▸ **DATA SUPPLIED**:
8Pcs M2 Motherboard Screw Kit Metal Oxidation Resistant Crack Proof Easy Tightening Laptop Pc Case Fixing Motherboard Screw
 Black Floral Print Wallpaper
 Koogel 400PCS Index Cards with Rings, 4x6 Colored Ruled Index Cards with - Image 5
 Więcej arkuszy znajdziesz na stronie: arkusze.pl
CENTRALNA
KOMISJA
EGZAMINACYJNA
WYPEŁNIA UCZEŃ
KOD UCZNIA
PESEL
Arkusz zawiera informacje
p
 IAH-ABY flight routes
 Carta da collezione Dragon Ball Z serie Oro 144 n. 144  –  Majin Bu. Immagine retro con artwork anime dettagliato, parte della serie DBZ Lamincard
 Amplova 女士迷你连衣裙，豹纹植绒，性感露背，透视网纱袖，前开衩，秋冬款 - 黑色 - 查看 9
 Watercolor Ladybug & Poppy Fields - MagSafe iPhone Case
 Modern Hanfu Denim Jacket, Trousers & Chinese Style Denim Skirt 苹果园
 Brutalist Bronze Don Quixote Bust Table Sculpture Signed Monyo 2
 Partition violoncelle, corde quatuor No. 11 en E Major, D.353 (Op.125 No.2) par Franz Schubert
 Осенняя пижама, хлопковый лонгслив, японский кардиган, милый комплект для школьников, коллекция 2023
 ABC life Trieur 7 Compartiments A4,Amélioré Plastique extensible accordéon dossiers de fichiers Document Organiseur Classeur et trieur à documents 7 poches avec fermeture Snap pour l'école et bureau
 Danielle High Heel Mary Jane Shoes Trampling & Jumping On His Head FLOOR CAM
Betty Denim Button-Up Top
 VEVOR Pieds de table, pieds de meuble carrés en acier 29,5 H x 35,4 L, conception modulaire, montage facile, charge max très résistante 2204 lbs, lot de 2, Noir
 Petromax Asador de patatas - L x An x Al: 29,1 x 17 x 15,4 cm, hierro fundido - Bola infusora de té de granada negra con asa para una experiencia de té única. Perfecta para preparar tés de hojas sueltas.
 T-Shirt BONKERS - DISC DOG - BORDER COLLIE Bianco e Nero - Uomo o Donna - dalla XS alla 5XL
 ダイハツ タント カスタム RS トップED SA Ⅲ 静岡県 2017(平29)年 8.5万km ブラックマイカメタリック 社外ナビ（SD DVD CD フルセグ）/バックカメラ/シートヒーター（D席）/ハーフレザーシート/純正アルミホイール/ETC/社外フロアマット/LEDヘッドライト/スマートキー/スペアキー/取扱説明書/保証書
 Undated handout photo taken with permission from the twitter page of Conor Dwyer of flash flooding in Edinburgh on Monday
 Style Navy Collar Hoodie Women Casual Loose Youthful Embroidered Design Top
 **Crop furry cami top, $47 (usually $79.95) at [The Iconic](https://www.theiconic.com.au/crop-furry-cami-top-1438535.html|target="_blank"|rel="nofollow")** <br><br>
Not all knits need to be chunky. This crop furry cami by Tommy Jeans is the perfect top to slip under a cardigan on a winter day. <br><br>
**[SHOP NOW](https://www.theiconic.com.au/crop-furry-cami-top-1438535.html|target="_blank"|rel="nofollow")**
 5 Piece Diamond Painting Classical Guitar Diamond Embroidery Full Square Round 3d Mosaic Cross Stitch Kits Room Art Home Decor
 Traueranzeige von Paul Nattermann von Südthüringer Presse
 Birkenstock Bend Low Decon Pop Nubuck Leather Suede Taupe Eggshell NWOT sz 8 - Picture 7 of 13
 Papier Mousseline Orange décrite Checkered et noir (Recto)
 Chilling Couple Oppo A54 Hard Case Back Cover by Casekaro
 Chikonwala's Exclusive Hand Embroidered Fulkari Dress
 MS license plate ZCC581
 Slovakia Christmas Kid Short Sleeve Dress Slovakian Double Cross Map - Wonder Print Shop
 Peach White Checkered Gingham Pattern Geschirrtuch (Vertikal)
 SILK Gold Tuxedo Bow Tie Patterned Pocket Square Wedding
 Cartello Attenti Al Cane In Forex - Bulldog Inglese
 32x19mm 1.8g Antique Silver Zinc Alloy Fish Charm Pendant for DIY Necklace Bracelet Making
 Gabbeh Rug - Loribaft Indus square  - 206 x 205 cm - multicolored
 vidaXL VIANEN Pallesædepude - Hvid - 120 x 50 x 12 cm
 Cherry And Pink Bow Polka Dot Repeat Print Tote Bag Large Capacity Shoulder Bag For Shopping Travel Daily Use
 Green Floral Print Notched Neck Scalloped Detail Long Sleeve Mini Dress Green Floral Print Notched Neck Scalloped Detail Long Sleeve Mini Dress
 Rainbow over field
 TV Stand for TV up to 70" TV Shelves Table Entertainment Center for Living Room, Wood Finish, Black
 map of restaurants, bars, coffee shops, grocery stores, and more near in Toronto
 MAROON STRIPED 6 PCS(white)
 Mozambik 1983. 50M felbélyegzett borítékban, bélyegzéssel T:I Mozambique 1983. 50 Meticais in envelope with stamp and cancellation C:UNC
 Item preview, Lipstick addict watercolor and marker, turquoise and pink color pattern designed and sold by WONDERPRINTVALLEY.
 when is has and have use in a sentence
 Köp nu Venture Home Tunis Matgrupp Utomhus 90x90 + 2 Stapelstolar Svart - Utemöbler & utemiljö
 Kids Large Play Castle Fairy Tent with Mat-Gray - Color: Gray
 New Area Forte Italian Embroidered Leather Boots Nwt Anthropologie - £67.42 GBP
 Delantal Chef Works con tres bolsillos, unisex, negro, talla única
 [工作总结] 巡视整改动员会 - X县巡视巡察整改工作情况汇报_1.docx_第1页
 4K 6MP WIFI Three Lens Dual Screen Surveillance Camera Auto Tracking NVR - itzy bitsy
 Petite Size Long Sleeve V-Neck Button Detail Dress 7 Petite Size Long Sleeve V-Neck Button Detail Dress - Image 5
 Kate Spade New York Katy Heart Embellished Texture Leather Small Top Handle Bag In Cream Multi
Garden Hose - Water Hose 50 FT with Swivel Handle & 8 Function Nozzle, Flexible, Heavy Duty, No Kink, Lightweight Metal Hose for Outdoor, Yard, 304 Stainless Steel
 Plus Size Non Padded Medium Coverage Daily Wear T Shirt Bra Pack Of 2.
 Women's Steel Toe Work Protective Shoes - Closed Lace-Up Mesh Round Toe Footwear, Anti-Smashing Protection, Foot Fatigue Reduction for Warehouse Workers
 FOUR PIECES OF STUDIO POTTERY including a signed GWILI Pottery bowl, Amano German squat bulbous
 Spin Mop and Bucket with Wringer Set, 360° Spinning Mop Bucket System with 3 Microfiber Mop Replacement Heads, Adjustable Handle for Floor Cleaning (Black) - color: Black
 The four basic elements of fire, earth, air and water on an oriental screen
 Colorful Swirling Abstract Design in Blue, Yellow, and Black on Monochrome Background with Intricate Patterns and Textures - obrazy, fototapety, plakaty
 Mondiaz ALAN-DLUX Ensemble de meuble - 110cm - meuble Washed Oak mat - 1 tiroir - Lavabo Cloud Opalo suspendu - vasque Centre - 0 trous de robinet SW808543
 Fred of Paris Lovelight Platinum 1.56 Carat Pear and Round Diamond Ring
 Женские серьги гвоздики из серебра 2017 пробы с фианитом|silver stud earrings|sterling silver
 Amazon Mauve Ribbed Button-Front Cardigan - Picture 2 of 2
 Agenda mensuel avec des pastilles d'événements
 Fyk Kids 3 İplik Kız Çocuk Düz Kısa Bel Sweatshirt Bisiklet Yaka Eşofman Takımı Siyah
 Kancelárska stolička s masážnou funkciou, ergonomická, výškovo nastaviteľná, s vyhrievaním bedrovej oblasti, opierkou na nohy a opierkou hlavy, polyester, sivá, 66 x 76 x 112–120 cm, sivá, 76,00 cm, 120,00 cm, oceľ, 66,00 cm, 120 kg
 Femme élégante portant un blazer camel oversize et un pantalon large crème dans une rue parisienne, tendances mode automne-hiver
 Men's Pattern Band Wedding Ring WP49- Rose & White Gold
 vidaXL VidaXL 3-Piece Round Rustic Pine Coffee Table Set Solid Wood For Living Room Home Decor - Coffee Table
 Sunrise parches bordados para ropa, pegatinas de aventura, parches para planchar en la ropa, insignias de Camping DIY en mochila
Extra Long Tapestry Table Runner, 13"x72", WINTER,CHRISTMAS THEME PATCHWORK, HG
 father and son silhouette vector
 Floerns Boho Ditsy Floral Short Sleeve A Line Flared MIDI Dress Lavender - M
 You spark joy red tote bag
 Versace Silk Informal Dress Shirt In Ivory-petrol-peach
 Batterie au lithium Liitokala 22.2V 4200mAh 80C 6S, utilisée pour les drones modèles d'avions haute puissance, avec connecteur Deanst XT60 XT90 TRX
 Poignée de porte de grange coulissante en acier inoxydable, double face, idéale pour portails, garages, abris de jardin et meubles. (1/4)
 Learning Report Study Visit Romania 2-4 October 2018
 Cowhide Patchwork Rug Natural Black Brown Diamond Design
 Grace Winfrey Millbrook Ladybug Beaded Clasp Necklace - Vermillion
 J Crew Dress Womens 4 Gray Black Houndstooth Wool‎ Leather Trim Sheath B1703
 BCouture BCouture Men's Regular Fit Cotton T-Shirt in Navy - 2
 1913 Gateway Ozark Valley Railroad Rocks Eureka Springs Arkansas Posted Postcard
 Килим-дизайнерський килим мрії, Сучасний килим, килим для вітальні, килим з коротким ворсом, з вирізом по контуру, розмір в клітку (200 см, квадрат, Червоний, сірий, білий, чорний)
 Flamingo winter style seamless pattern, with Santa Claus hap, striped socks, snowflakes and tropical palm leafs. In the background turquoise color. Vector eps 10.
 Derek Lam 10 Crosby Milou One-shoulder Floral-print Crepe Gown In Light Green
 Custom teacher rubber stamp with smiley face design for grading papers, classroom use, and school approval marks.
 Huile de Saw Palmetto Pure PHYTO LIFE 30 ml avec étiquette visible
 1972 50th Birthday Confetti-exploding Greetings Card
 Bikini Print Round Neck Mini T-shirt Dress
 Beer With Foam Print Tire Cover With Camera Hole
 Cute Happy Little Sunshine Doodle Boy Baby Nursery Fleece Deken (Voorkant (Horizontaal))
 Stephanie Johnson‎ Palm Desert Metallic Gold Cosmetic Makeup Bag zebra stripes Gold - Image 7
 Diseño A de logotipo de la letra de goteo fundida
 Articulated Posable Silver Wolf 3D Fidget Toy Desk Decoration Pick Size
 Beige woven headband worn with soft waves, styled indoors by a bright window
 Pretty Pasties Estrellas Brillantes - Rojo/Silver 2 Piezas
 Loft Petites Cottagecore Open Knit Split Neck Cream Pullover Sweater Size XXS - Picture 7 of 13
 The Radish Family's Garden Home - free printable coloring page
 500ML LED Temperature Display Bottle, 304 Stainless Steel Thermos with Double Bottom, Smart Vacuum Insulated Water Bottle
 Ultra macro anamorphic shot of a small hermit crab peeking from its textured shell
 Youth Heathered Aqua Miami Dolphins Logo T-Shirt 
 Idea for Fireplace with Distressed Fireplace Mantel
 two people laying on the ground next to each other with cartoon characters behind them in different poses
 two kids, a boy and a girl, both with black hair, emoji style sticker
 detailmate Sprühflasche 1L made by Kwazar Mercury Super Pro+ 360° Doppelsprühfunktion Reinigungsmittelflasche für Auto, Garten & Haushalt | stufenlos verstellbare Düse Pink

▸ **GOAL OF THE EXERCISE**: A complete answer gives every line of the data that includes "Case".

▸ **EXPECTED OUTPUT**:
8Pcs M2 Motherboard Screw Kit Metal Oxidation Resistant Crack Proof Easy Tightening Laptop Pc Case Fixing Motherboard Screw
 Watercolor Ladybug & Poppy Fields - MagSafe iPhone Case
 Chilling Couple Oppo A54 Hard Case Back Cover by Casekaro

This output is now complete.